** Data below follows **
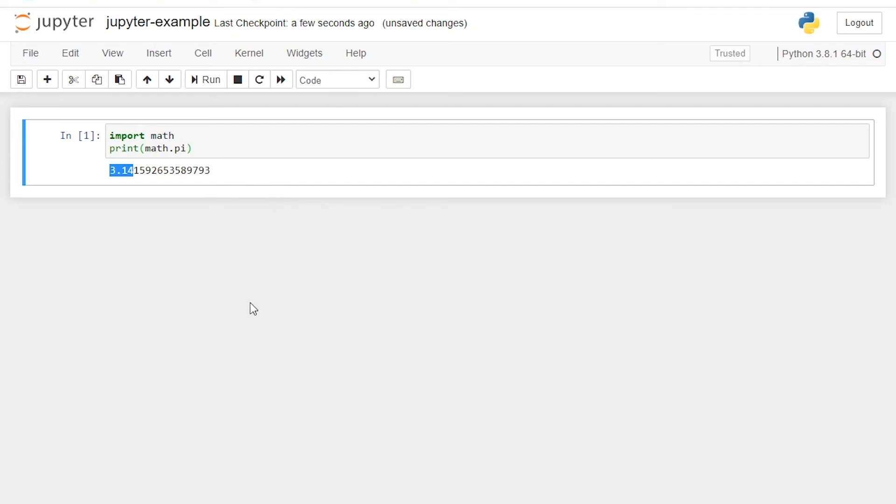And if you had downloaded Jupyter globally, then it would have gone to your C drive and then users, then your username and then in documents.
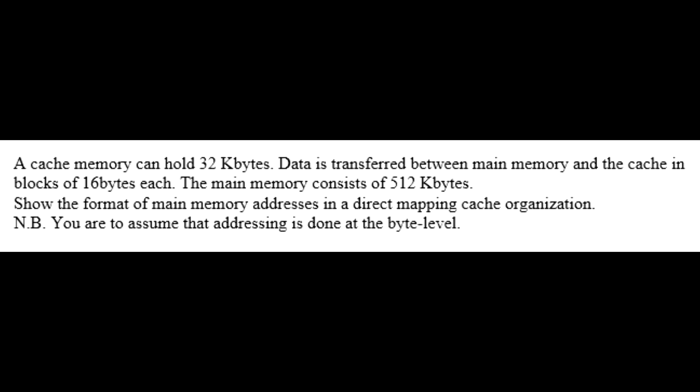Here is an example. A cache memory can hold 32 kilobytes. Data is transferred between main memory and the cache in blocks of 16 bytes each. The main memory consists of 512 kilobytes. Show the format of main memory addresses in a direct mapping cache organization. Note, you are to assume that addressing is done at the byte level.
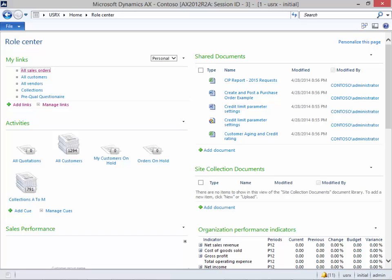Dynamics AX has a feature called Enterprise Search that should save you a lot of time. All you need to do when you're searching for something is type it into the search button at the top right hand corner of the Dynamics AX client, and it will suggest where you can find it.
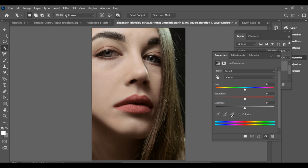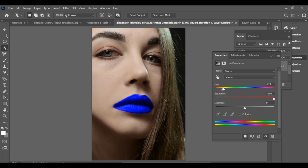Make sure you turn the mask on. Now increase the saturation to 100, then select the color for the lips. I am selecting a red one — you can select any color you want.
** End of Data below **
→ Task directions:
The answer must consist solely of the lines from the one with "Dynamics AX has" through the final line of the data, each reproduced exactly and with pictures omitted.

→ Reply to the exercise:
Dynamics AX has a feature called Enterprise Search that should save you a lot of time. All you need to do when you're searching for something is type it into the search button at the top right hand corner of the Dynamics AX client, and it will suggest where you can find it.
Make sure you turn the mask on. Now increase the saturation to 100, then select the color for the lips. I am selecting a red one — you can select any color you want.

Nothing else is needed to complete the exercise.